**Records provided**
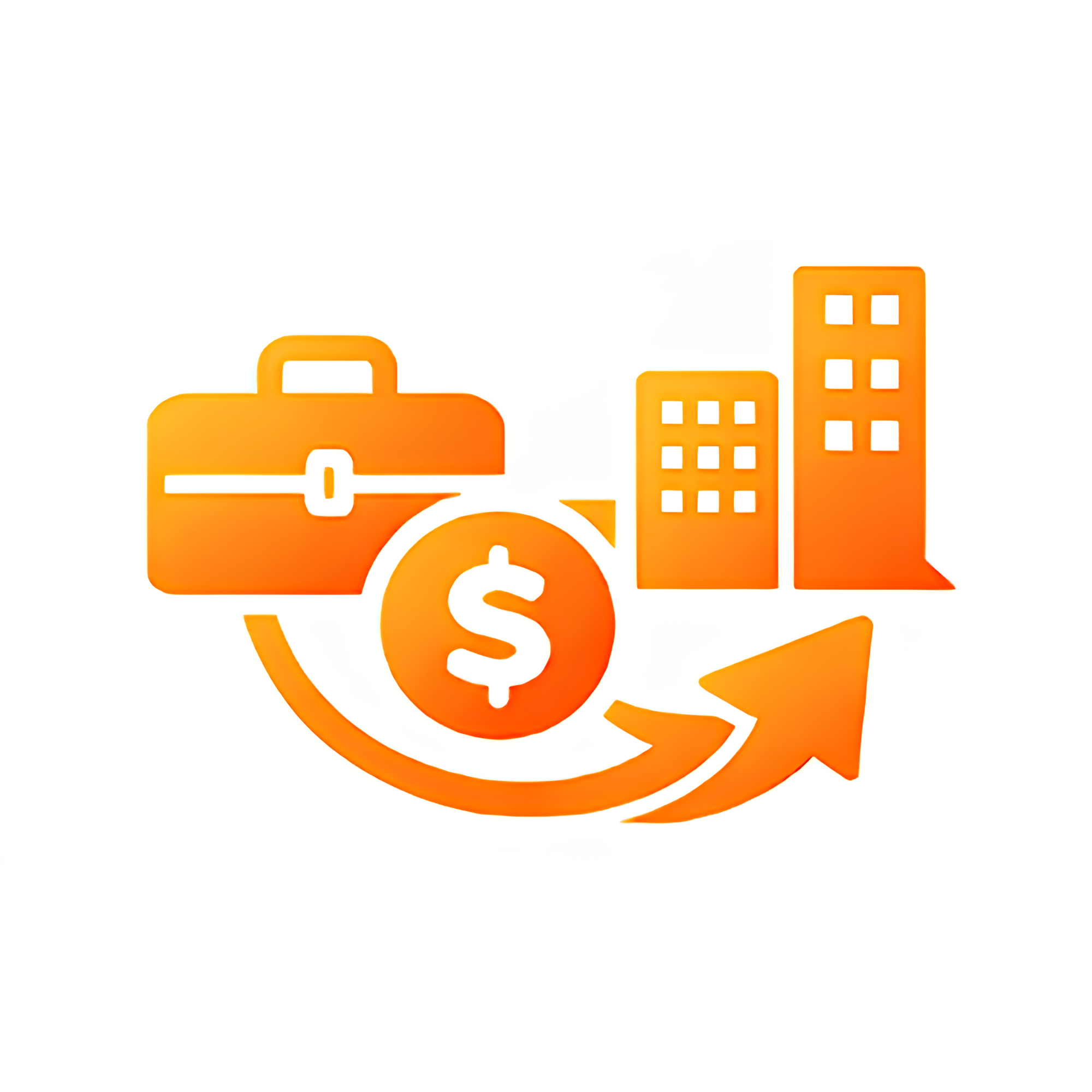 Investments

--

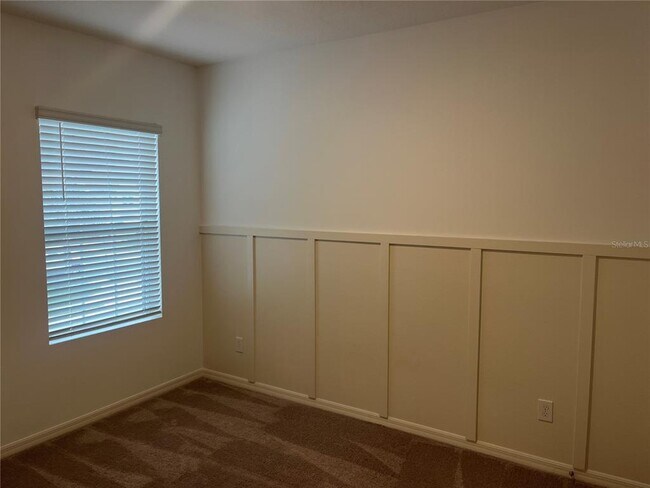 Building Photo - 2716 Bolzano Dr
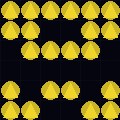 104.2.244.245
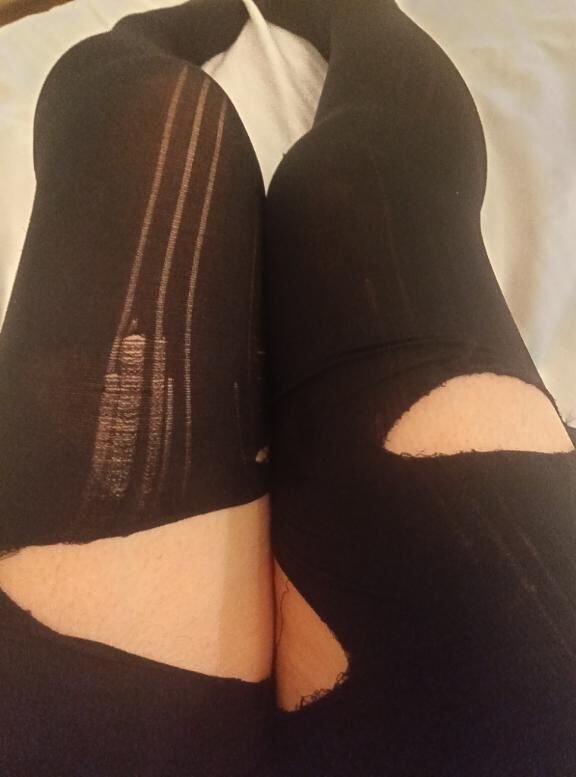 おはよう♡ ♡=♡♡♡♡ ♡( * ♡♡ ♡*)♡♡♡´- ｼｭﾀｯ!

==

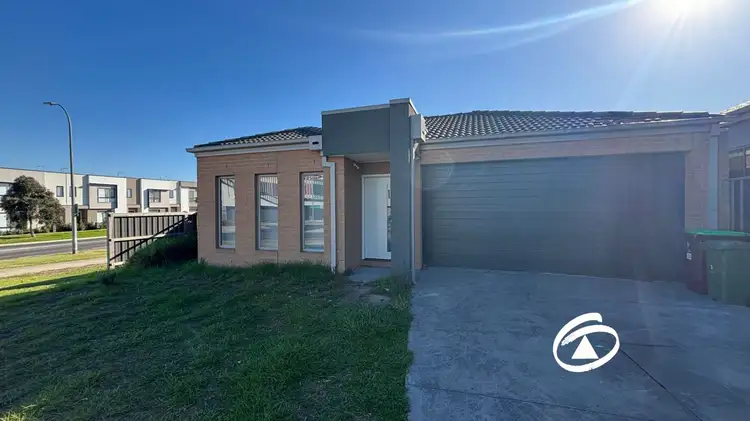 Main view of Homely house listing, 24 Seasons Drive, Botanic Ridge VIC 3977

**Goal of the exercise**
Within the listing above, extract exactly the lines that run from the one containing "Building Photo - 2716 Bolzano Dr" through the one containing "おはよう♡ ♡=♡♡♡♡ ♡( * ♡♡ ♡*)♡♡♡´- ｼｭﾀｯ!", excluding any pictures.

**Completed task**
 Building Photo - 2716 Bolzano Dr
 104.2.244.245
 おはよう♡ ♡=♡♡♡♡ ♡( * ♡♡ ♡*)♡♡♡´- ｼｭﾀｯ!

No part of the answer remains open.